Hardtail, basswood body, jumbo frets. At least for my purposes, it beats out the Deluxe. If you need a trem though... 

Anyway, for production guitars, Parkers win. No question. I will concede that there are some custom guitars that are pretty sweet (Oni!), but Parkers beat anything else that you could pick up a catalog and order.


----------



## Prydogga (Dec 6, 2010)

What about Suhr?


----------



## thraxil (Dec 6, 2010)

Suhr, Vigier, and Tom Anderson (among others) make some very nice guitars, but bolt-ons just fundamentally don't do it for me. Plus, no carbon-fibre fretboard.


----------



## ralphy1976 (Dec 6, 2010)

For me this one :


----------



## rvoteary (Dec 6, 2010)

this guy http://www.sevenstring.org/forum/st...d-also-some-other-pics-of-my-other-geets.html

I've never played a guitar that came close to my S1220


----------



## bostjan (Dec 6, 2010)

Oni > Parker IMO (former Parker fanatic)


----------



## jymellis (Dec 6, 2010)

are we talking best looking or best playing?


----------



## Prydogga (Dec 6, 2010)

thraxil said:


> Suhr, Vigier, and Tom Anderson (among others) make some very nice guitars, but bolt-ons just fundamentally don't do it for me. Plus, no carbon-fibre fretboard.


Washburn WM546s?


----------



## thraxil (Dec 6, 2010)

bostjan said:


> Oni > Parker IMO (former Parker fanatic)

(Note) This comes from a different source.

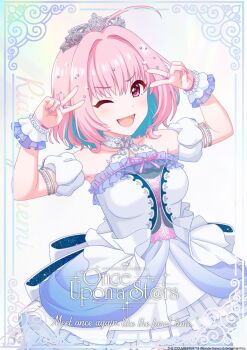 1girl ahoge aqua_hair armlet artist_request bare_shoulders blush breasts collarbone colored_inner_hair company_name copyright_name copyright_notice detached_sleeves double_v dress fang fanged_bangs finger_ribbon fingernails glint hair_intakes hair_ornament highres idolmaster idolmaster_cinderella_girls idolmaster_cinderella_girls_starlight_stage jewelry large_breasts layered_dress looking_at_viewer medium_hair multicolored_hair nail_polish official_art one_eye_closed open_mouth pink_eyes pink_hair pink_nails pink_ribbon ribbon short_sleeves sleeveless sleeveless_dress smile solo spelling_error tongue two-tone_hair v white_dress white_sleeves white_tiara white_wrist_cuffs wrist_cuffs yumemi_riamu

*sigh*. Yeah, I'm saving towards an Oni, but I've got to get the student loans finished off first. 



Prydogga said:


> Washburn WM546s?



That's built in Parker's factory (since Washburn and Parker both have the same parent company) and basically counts as a Parker for my purposes. I've never played one though so I'm a bit skeptical. Part of the Parker magic is the combination of light weight and resonance (from the carbon-fibre running the length of the back). I'm not sure if just taking a Parker neck and sticking it on a Washburn super-strat body would retain that magic.


----------



## Isan (Dec 6, 2010)

http://i64.photobucket.com/albums/h188/Perfect_Symmetry/-2-3.jpg
Alex Bois RGD
the neck profile is fucking 18mm all the way down ...... felt AMAZING


----------



## Randy (Dec 6, 2010)

I've always been pretty fond of:


----------



## bostjan (Dec 6, 2010)

...


----------



## JamesM (Dec 6, 2010)

The awful things I'd do... And even more if I could get those pups direct mounted.


----------



## JohnIce (Dec 6, 2010)

Hmm... when I used to play progressive metal I'd say my old PRS Custom 22 wast the best, but I've sold it now because dual humbuckers aren't my thing.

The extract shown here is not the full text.